Fulk v. Gay, Trustee

205 S.W.2d 24, 212 Ark. 151, 1947 Ark. LEXIS 657
CourtSupreme Court of Arkansas
DecidedOctober 27, 1947
Docket4-8271
StatusPublished
Cited by1 cases

This text of 205 S.W.2d 24 (Fulk v. Gay, Trustee) is published on Counsel Stack Legal Research, covering Supreme Court of Arkansas primary law. Counsel Stack provides free access to over 12 million legal documents including statutes, case law, regulations, and constitutions.

Bluebook
Fulk v. Gay, Trustee, 205 S.W.2d 24, 212 Ark. 151, 1947 Ark. LEXIS 657 (Ark. 1947).

Opinion

Bobins, J.

The lower court sustained appellee’s motion to dismiss complaint of appellants asking for an accounting by appellee of what they alleged was a trust fund belonging to them. The ground of dismissal, asserted by appellee and sustained by the lower court, was that the controversy presented was one over which the United States District Court for the Eastern District of Arkansas had sole jurisdiction by reason of a bankruptcy proceeding theretofore instituted therein.

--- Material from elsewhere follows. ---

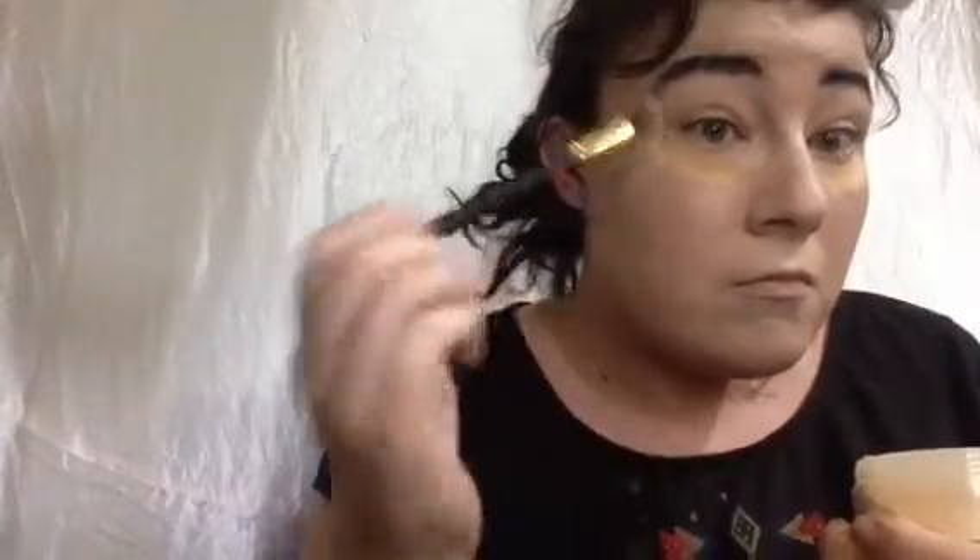I've got my W7 Banana Dreams Powder, which I love. This stuff for $5 is brilliant. I'll go in with my pressed powder to add a little bit more coverage.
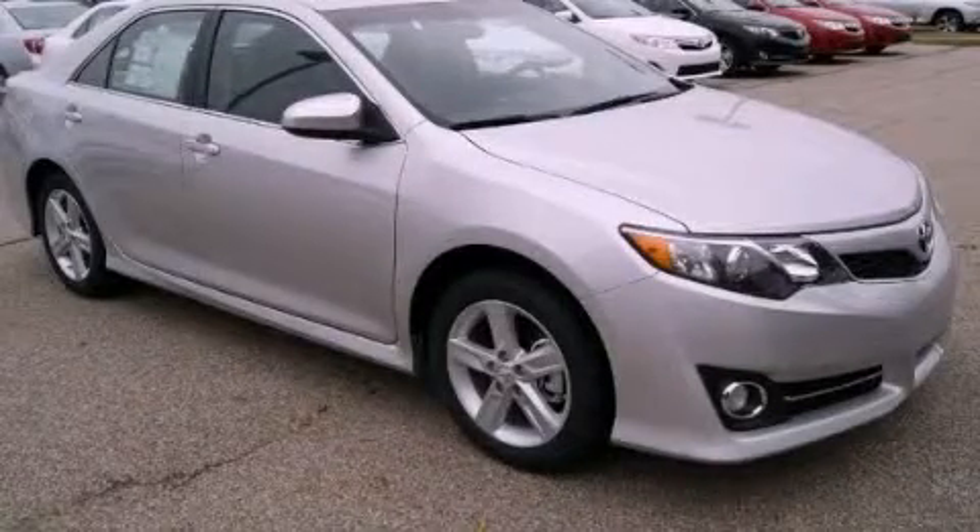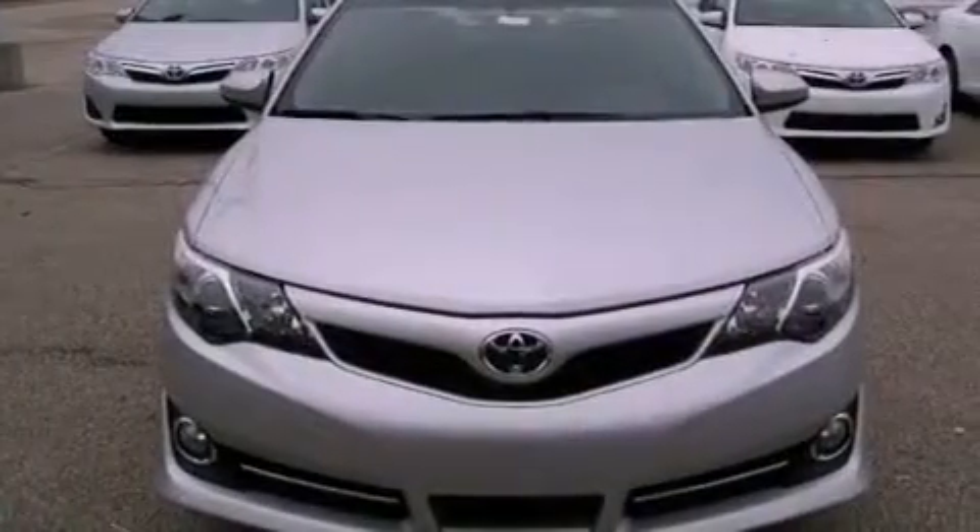This is a brand new 2012 Toyota Camry. It has a 2.5-liter four-cylinder engine and an automatic transmission.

The sole question presented by this appeal is ’ whether the lower court was without jurisdiction by reason of this bankrrlptcy proceeding.

In 1929, Francis Guy Fulk and certain of the appellants borrowed from the Federal Bank & Trust Company the sum of $362,500 bearing interest at 6 per cent, from date to maturity and at 10 per cent, thereafter, and to secure the said indebtedness executed to the Federal Bank & Trust Company a trust' deed on certain . real estate in Little Rock.

Being unable to pay the indebtedness, Francis G. Fulk, Jr., as administrator of the estate of Francis Guy Fulk, one of the mortgagors, who had died intestate, filed á petition on April 7, 1936, in the United States District Court for the Eastern District of Arkansas, Western Division, under the provisions of § 74 of the Bankruptcy Act, listing the debts and assets of the estate, and asking that proceedings be had for a “composition or extension,” as provided for under that section. Petitions in identical form were filed in the bankruptcy court by Florence M. Fulk, Augustus M. Fulk and Frank M. Fulk, other makers of the $362,500 note.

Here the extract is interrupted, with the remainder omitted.